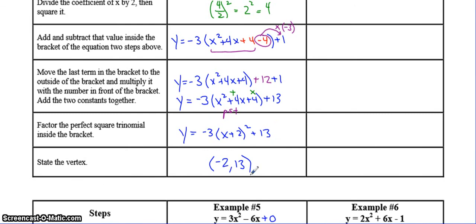So if you watched this example, now you can press pause, try examples 4, 5, and 6, and then press play on the video again to check your answer. Please press pause now.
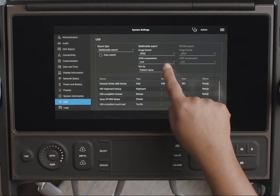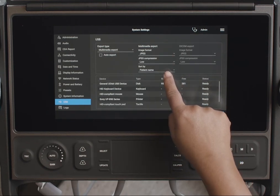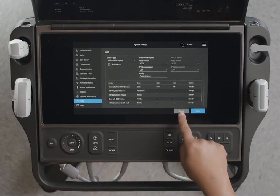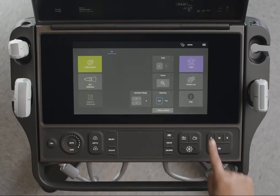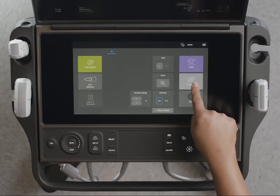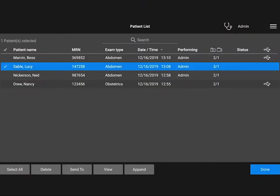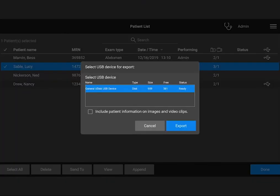There are a few other export options you can choose. Now that we have our export options selected, let's export some data. You'll need to select a study from the patient list and then choose to send the study data to your USB device.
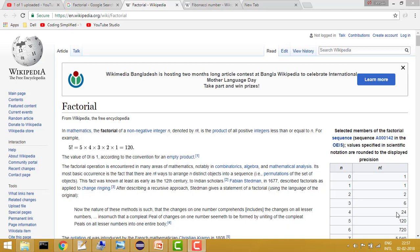Hey guys, welcome to Coding Simplified. Today we are going to start a series on basic coding problems where we will solve basic problems. Our first problem is to get the factorial of any given number. I know it's a very easy problem, but to start with the first tutorial let's begin with it, and later we'll see some more problems.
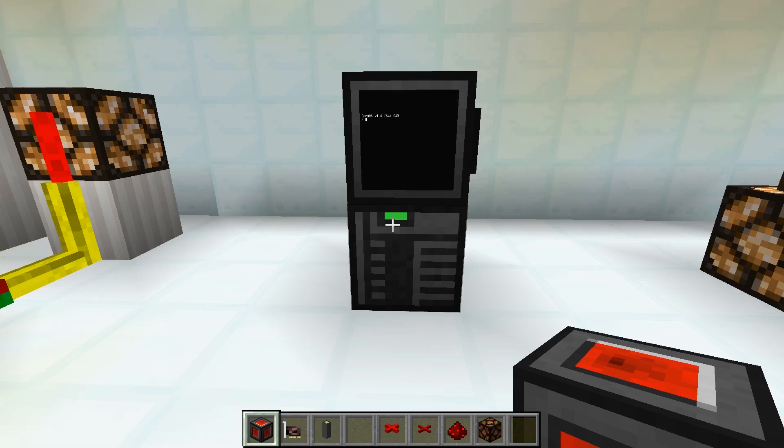Hello and welcome to a tutorial for OpenComputers. Today we want to show how you can send and receive Redstone signals from a computer.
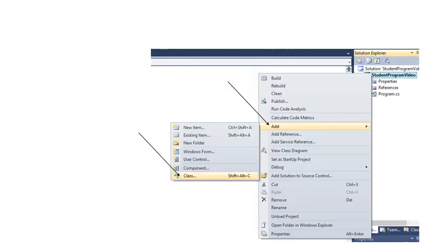When you right click on Student Program Video the middle sub menu will open. You go to add, click on that, then this next sub menu will open and you click on Class which will create a new tab for the class.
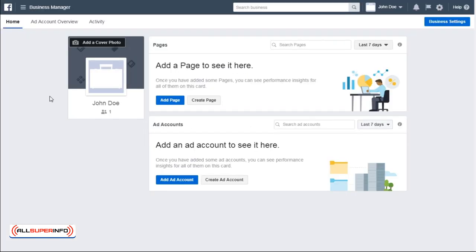After that, you'll be brought to your Facebook Business Manager dashboard. In this section, there are a couple of things you need to fill up. First, add or create your Facebook business page. Next, create or add an ad account.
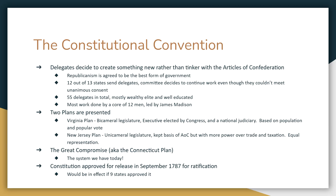Eventually, representatives from Connecticut came up with a compromise. They said: take the two houses from the Virginia Plan, elect an executive by the people, have equal representation in one part of the legislature, and have population-based representation in the other. This became known as the Great Compromise, and the Great Compromise is the system we have today.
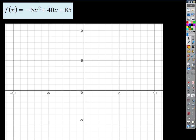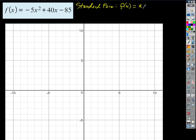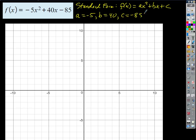This next function is in standard form, which is ax² + bx + c. Our values here are a = -5, b = 40, c = -85. How do we graph a function like this? We need to dilate it — the dilation factor is -5, so we're going to stretch this thing vertically by 5 and reflect it. But we also need to find h and k.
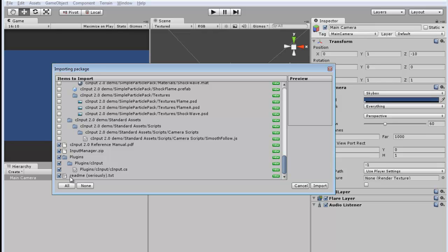This README file is really useful if you don't know what you're doing. I do recommend you read it the first time you use CINPUT because it has instructions that are important to know. But like the demo folder, it's not necessary if you just want the bare essentials. So I'm going to uncheck that as well.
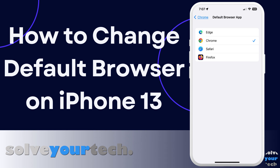When you tap a link in an app, text message, or email, your iPhone will probably open it in the Safari web browser. But if you primarily use a different browser, such as Google Chrome, Mozilla Firefox, or Microsoft Edge, then you might prefer if it opened there instead.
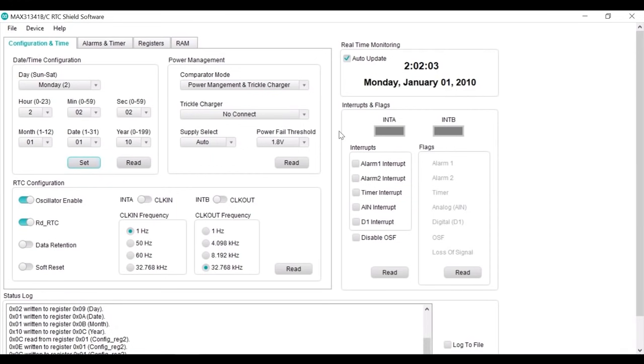Immediately, we are able to check that the time is right successful. To read time, simply click the read button.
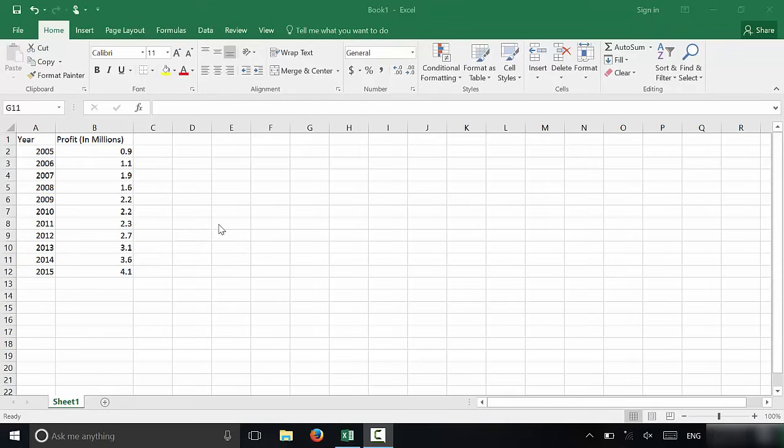Hey everybody, I'm here today to show you how to make a line graph in Excel. It's actually a really simple process, so let's get right to it.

★ ★ ★ ★ ★

• Description of the task
The reply should hold the entries above from the line with "Hey guys, welcome" to the line with "After that, you'll", duplicated exactly, pictures excluded.

• Task solution
Hey guys, welcome to Coding Simplified. Today we are going to start a series on basic coding problems where we will solve basic problems. Our first problem is to get the factorial of any given number. I know it's a very easy problem, but to start with the first tutorial let's begin with it, and later we'll see some more problems.
Hello and welcome to a tutorial for OpenComputers. Today we want to show how you can send and receive Redstone signals from a computer.
When you right click on Student Program Video the middle sub menu will open. You go to add, click on that, then this next sub menu will open and you click on Class which will create a new tab for the class.
After that, you'll be brought to your Facebook Business Manager dashboard. In this section, there are a couple of things you need to fill up. First, add or create your Facebook business page. Next, create or add an ad account.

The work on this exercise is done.